У меня мать здесь учительницей.
Они распрощались таким же стойким мужским рукопожатием, и Кирилл с увлечением посмотрел вслед пролетке, пока она отъезжала к мешковскому дому. Потом он вошел во двор.
У забора, в жесткой заросли акаций, сидела на земле Аночка. Обхватив колени и положив на них голову, она неподвижно смотрела на Кирилла. Грусть и любопытство больших глаз делали ее взор еще тяжелее.
- Что, испугалась?
- Нет, - ответила Аночка. - Папа ведь меня не бьет больно. Он добрый. Он только постращает.
- Значит, ты от страха бежала?
- Да нет! Я бежала, чтобы он деньги не отнял.
И она, разжав кулачок, показала полтинник.
- Ну, тогда ступай к себе домой.
- Я еще маненько посижу.
- Почему же?
- А боязно.
Кирилл засмеялся.
- Тогда хочешь к нам, побыть немножко у моей мамы?
Она потерла о голую коленку полтинник, полюбовалась его наглым блеском на солнце, ответила, помедлив:
- Немножко? Ну-ну.
Он взял ее за руку и, с видом победоносца, повел через двор к старой одностворчатой двери. Аночке бросились в глаза узорчатые завитки больших чугунных петель, прибитых к двери шпигирями с сияющими, как полтинники, шляпками, и она ступила в темные сени с прохладным кирпичным полом.
5
Пастухов и Цветухин вошли к Мефодию - в его тесовый домик из единственной комнаты с кухней, который был тотчас назван хозяином так, как звала такие домики вся Волга:
- Наконец пожаловали ко мне, в мой флигерь. Милости прошу.
- Кланяйся, - сказал Цветухин.
- Кланяюсь, - ответил Мефодий и нагнулся в пояс, тронув пальцами крашеный пол.
- Принимай, - сказал Цветухин, накрыв сброшенной с плеча накидкой всего Мефодия, как попоной.
Мефодий захватил в горсть цепочку накидки, позвенел ею, топнул по-лошадиному и слегка заржал. Ради полноты иллюзии он стал на четвереньки.
- Шали! - сказал Цветухин, как извозчик.
Пастухов снисходительно кинул свое великолепное пальто на спину Мефодию, водрузил сверху шляпу, и Мефодий осторожно отвез одежду на кровать, в угол.
Вернувшись, он стал рядом с приятелями, улыбаясь толстыми губами, которые не безобразили, а были красивее всего на его лице, изуродованном меткой пониже переносицы. Метка была наказанным любопытством: мальчишкой он смотрел в щелку за одним семейным приключением, рука сорвалась, опрокинув ящик, на который он опирался, и Мефодий упал носом на ключ, торчавший из дверного замка. Целую жизнь потом он если не рассказывал, то вспоминал эту историю.

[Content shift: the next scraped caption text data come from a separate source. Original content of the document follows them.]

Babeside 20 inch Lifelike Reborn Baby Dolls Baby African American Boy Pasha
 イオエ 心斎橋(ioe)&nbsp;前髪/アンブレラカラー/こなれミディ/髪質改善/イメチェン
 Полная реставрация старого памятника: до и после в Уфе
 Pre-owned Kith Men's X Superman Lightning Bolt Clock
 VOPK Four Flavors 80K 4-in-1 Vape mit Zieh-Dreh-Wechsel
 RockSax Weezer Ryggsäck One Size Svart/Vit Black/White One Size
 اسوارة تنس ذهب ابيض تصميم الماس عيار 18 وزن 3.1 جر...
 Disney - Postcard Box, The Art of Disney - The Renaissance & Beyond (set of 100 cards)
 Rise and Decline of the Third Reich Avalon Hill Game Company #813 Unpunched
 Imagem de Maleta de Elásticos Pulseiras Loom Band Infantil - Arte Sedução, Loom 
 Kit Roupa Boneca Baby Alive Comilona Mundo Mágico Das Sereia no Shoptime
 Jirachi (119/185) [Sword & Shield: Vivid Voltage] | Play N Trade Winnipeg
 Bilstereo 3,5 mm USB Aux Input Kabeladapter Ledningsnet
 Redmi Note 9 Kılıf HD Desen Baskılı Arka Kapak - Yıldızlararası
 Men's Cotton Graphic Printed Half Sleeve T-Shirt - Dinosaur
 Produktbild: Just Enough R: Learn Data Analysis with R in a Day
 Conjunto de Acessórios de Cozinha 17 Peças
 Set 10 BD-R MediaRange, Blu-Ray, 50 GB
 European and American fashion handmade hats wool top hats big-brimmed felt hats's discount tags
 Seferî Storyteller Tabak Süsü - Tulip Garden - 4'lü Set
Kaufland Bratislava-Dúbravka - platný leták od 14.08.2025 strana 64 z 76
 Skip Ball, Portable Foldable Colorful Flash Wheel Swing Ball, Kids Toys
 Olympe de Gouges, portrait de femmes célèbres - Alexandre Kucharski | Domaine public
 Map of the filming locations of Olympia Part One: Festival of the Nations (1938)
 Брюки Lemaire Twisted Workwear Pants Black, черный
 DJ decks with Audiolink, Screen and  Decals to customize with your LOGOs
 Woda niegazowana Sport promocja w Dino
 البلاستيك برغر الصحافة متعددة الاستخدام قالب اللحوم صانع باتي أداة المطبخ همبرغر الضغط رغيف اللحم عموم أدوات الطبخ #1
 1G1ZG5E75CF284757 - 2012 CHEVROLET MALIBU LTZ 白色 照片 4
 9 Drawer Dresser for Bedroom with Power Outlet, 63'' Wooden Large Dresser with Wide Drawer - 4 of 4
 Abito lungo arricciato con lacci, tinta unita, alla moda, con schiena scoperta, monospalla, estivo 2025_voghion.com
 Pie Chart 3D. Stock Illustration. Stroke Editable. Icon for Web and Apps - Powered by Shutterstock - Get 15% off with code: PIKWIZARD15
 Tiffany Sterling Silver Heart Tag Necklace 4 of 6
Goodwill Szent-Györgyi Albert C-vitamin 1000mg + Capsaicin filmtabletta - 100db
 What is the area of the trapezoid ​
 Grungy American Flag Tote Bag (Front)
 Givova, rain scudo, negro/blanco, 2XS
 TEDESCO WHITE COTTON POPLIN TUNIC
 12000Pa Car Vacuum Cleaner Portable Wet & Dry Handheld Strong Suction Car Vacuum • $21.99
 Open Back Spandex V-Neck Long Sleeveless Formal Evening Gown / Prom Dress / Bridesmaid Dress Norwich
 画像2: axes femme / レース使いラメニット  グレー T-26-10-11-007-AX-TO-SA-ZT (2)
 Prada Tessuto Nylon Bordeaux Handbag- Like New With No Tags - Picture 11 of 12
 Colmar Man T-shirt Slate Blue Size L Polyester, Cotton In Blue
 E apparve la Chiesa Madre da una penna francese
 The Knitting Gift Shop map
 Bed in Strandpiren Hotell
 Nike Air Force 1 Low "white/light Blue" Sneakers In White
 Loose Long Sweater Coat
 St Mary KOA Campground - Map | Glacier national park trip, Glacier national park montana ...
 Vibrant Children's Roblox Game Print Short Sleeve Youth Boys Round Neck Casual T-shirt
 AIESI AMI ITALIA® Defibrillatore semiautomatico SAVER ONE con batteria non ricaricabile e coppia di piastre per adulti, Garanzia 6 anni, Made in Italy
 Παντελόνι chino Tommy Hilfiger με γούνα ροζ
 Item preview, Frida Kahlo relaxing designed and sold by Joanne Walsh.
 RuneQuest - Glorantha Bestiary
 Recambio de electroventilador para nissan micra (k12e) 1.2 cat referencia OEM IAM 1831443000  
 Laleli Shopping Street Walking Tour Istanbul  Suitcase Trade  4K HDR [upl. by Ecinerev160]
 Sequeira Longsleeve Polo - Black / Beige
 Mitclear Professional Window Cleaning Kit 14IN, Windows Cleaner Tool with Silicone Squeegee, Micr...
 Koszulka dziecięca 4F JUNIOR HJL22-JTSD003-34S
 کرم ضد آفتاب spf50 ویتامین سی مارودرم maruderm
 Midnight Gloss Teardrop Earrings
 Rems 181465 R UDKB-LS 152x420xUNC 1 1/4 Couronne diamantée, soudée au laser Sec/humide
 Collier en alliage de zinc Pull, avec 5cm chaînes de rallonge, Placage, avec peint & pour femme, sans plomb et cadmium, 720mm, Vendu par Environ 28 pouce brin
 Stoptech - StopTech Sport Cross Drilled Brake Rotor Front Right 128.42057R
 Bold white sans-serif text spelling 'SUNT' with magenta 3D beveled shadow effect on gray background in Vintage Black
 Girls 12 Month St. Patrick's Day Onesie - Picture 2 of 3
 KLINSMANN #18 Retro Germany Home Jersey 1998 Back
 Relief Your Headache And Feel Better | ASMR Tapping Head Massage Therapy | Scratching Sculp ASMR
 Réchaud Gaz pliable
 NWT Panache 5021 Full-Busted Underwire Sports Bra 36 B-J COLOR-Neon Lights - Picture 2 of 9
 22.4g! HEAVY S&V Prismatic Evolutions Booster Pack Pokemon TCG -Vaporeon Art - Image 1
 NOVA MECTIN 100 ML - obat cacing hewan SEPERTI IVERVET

Все трое - гости и хозяин - блаженно оглядывали стол, занимавший середину комнаты. Редиска румянилась сочными бочками, либо пряча, либо высовывая наружу белые хвостики корешков. Лук метал с тарелок иссиня-зеленые воздушные стрелы. Огурцы были настолько нежны, что парниковая зелень их кожицы отливала белизной. Розовые ломти нарезанной ветчины по краям были подернуты сизовато-перламутровым налетом, их сало белело, как фарфор. Две бутылки золотисто-желтого стекла, погруженные в миску с подтаявшим снегом, были украшены кудрявой ботвою редиски. Стол накрывала мужская рука - это было ясно видно. Из кухни от русской печи пряно струился в комнату аромат горячего мясного соуса.
У Пастухова раздувались ноздри. Изменившимся голосом, чуть-чуть в нос, он буркнул скороговоркой:
- Послушай, Мефодий: ты фламандец.
Он занес руку над бутылью, но приостановился и заново окинул глазом стол.
- Масло?.. Есть. Соль?.. Есть. Горчица?.. Ага. Хлеб?.. Хлеб! прикрикнул он. - Мефодий, где хлеб?
Мефодий поднес хлебницу с московскими калачами, приговаривая врастяжечку:
- И похвалил я веселье, ибо нет лучшего для человека под солнцем, как есть, пить и веселиться... Итак, иди, ешь с весельем хлеб твой и пей в радости сердца вино твое. Так сказал Соломон.